There was a “substantial” increase in the use of the Chinese currency in the final week of August, which came on the back end of market volatility, SWIFT said in its report. This was due to concerns over the Chinese economy slowing and Beijing’s devaluation of the yuan, the report added.
The Chinese yuan was used in 2.8 percent in global payments in August, versus 44.8 percent for the U.S. dollar, 27.2 percent for the euro, and 8.5 percent for the British pound.
Over 100 countries used the yuan for payments in August, with over 90 percent concentrated in 10 countries. The bulk of these payments were processed in Singapore (24.4 percent) and the United Kingdom (21.6 percent).

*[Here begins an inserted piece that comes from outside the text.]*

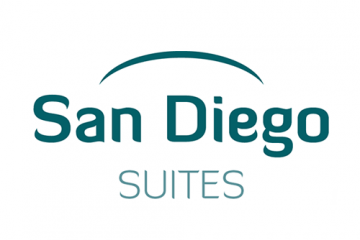 Hotel San Diego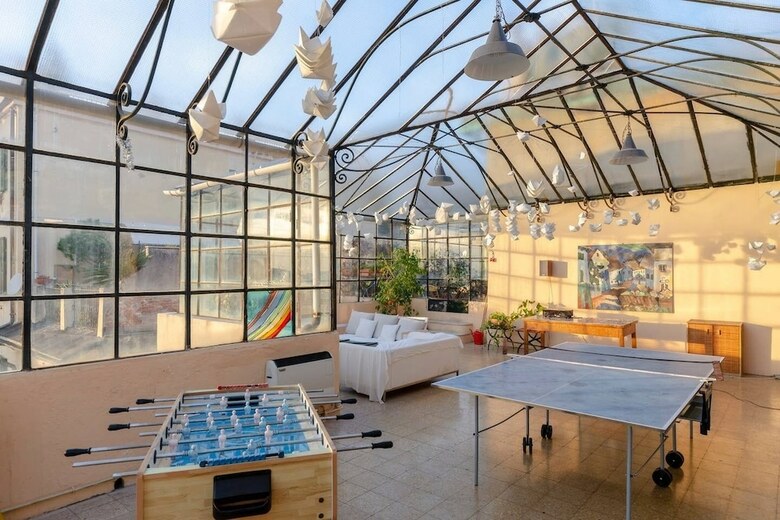 Apartamento Altido La Terrazza Sul Cielo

Global payments using the yuan were up 14 percent from a year earlier, and have been provided by over 1,700 financial institutions.
In August 2012 the yuan was twelfth most-used global currency on SWIFT’s list.
China’s devaluation of the yuan was likely a factor that boosted foreign exchange transactions in the currency by value, according to SWIFT. Transactions in the Yuan increased by 20 percent in August from a month earlier.
The yuan recorded its biggest one-day loss in two decades of two percent in August following a surprise evaluation by its Central Bank in a move it said was aimed at reviving faltering exports.
China has been pushing hard for its currency to be included into the International Monetary Fund (IMF) Special Drawing Rights (SDR) reserve basket of currencies. Rivaling the U.S. dollar in the global financial system has been Beijing’s ambition for its currency since 2010, as they have opened up several currency clearing hubs across the globe.
However, in August the IMF postponed the inclusion of the yuan in the SDR basket of currencies, extending the current composition by nine months from December 31. The IMF praised China for progressively devaluing its currency against the U.S. dollar, saying that this would allow the market to play a greater role in determining the exchange rate. However, the IMF said the yuan was still too tightly controlled by the Chinese government.
The report of the yuan moving into fourth place for global currencies payments comes as the IMF prepares to conduct a twice-a-decade review of its SDR basket, which is due by the end of the year.
SWIFT (The Society for Worldwide Interbank Financial Telecommunication) is a Belgium-based global organization that provides services and a standardized environment for global banking communicating that allows financial institutions to send and receive messages about their transactions, the system is used by most international banks. The information the system carries, including payment instructions, is securely exchanged between financial institutions. It began operating in 15 countries in 1973 and is now used by over 9,000 financial institutions in 210 countries and territories.